I shuffle through my pack. I feel like a real doctor with my bag full of medicine. I smile. It's nice that I got to be a doctor, even with the Hunger Games. I would have gotten into college for sure. Top 7% in my class, more than high enough than the 50% you needed to go on to another level of higher education. I probably would have gotten a really top-level job, although I might not have gotten to actually become a doctor in the Capitol. My fingers twitch with just the idea of that most coveted job. Even with short shifts in the Capitol, seldom more than three months at a time, really good doctors could make a killing. Or even better, a living. I think that may be the real reason us in District 2 are so happy to let things go the way they have been. We get breaks like none of the other Districts. We're grateful, like anyone would be. Sorry if you can't relate with that.

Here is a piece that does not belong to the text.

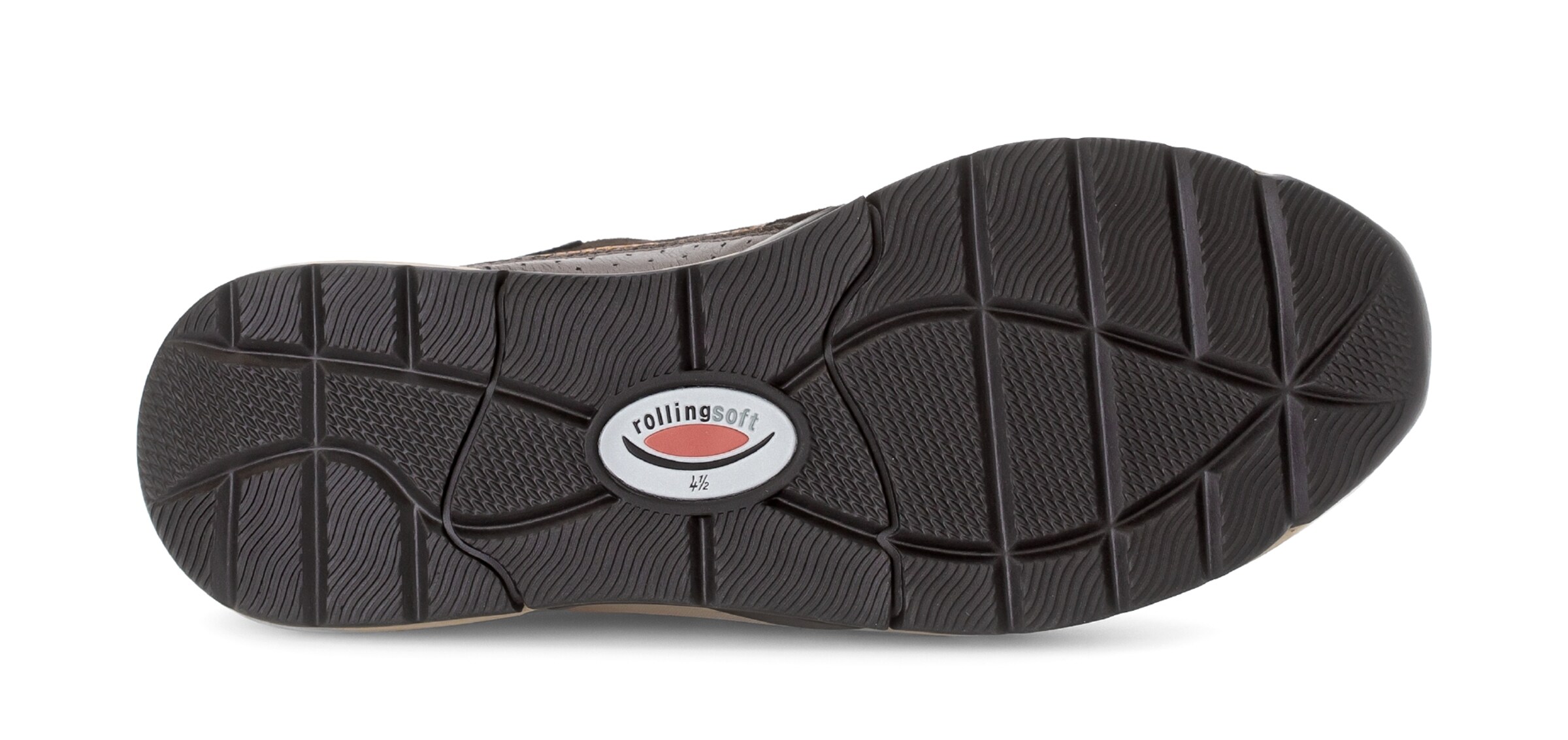 Gabor Rollingsoft Lace-Up Shoes in Brown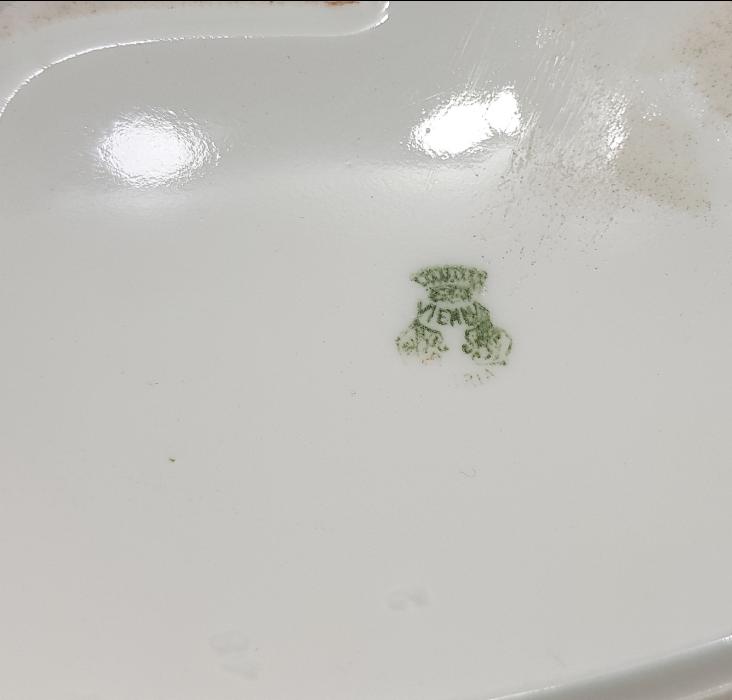 OSMANLI DÖNEMİ TOKATLIYAN OTELİ KALLAVİ BOY PORSELEN SALATA TABAĞI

I took almost everything I could from the cornucopia. Medical supplies were at the top of my priority list, because I knew I could get the most use out of them of anyone here. I highly doubt that Eewyn's above 8%, and nobody else here could possibly know as much about medicine as kids from the medicine District. That'd just be ridiculous.
Everything looks to be in order. When I've got nothing else to do I shuffle through my pack, memorizing the shiny Capitol labels and the long list of active chemicals. I'm surprised to see how many I don't recognize. But I know what the medicines do, and the unknown ingredients don't bother me. I love a good mystery, and it'll give me something to wonder about between cases. Maybe if I compare the different labels and the purposes of the medicines I can even figure out what exactly the chemicals are supposed to do. Perfect. I have a little game to keep me busy.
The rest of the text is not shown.